I am cosponsoring Mayor Murray’s minimum wage legislation because it’s time for cities to demonstrate bold and necessary leadership to address the stagnation of wages that has plagued our country for decades.
Why does this matter?
An economy where the wealthiest grow exceedingly richer while the poor and middle class experience a real decline in earning power rips apart our social fabric. The growing income and wealth inequality in our country is a dangerous trend.
As someone who started and grew a business for 20 years, I want to see individuals and businesses achieve success, provide meaningful work to their employees and produce goods and services that benefit their communities. I cringe at some of the rhetoric that demeans and disparages those who have achieved such success. But I also believe everyone should have a shot at that success and, today, for many reasons, a lot of people are being left out.
Low wage earners in our city and region struggle to support themselves or raise a family with a sense of economic stability and hope. This reality is not good for anyone.
Ideally, this issue would be addressed at the federal and state level, but it hasn’t been and likely won’t be anytime soon. So, as is often the case, cities like Seattle need to step up and lead.
Mayor Murray’s minimum wage legislation is a workable and careful compromise that recognizes both the harm caused by stagnant wages and the harm to local businesses should we move forward too quickly. Our homegrown small businesses provide much of the neighborhood character that we cherish in Seattle, and the Mayor’s compromise gives smaller businesses—and those offering other benefits—more time to phase in the increase.
As a cosponsor, I am expressing my strong support for the foundations of this historic proposal. At the same time, the Council has an important role to ask questions, clarify details, and listen to the public. The Council has held seven public meetings on this topic and more are scheduled over the next few weeks.
It is also important to me that we don’t start to believe that raising the minimum wage is all that matters. It’s not.
Education matters. Earlier today, Mayor Murray and I announced the details of our Seattle Preschool Program, an evidence-based, high-quality effort to prepare our children to enter kindergarten ready to learn. Making sure all our kids have a strong and fair start in school is another great step to address economic stagnation.
Crime and neighborhood safety matters. While overall crime in Seattle is relatively low, there are pockets of our city where crime is a frequent and persistent problem. Crime is geographically anchored, often where our most vulnerable, poor and disenfranchised people live. Seattle’s next police chief must implement effective policing strategies, in close partnership with residents and businesses that identify the most harmful people and places and put an end to the crime and disorder that holds neighborhoods back from achieving their potential.

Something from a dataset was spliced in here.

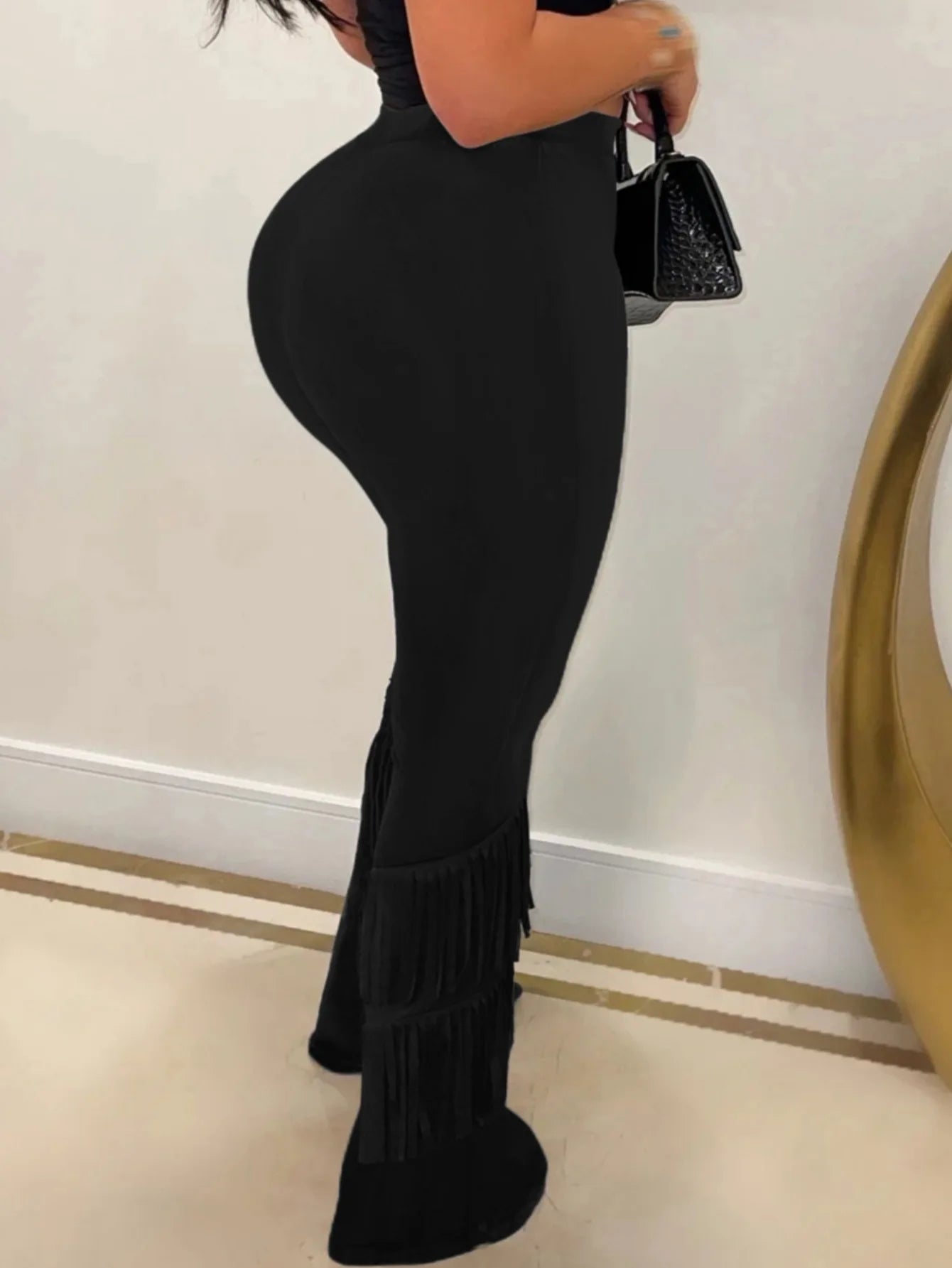 Plus Size pants High Waist Tassel Design Flared Pants Women's casual trousers Y2K slim pants High Waist Long skinny pants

Transportation matters. Earlier this week, Mayor Murray recommended sending a funding package to the November ballot to preserve Metro bus service. An almost identical revenue package was approved by 66% of Seattle voters two weeks ago, but failed county-wide. If passed by Seattle voters in November, the money raised will be used exclusively for transit services. Efficient public transit is essential for economic growth and especially important for low-wage earners who often can’t afford any other means of transportation.
Addressing these important matters—education, crime, transportation—along with the minimum wage will help Seattle address the opportunity gap that exists today for so many.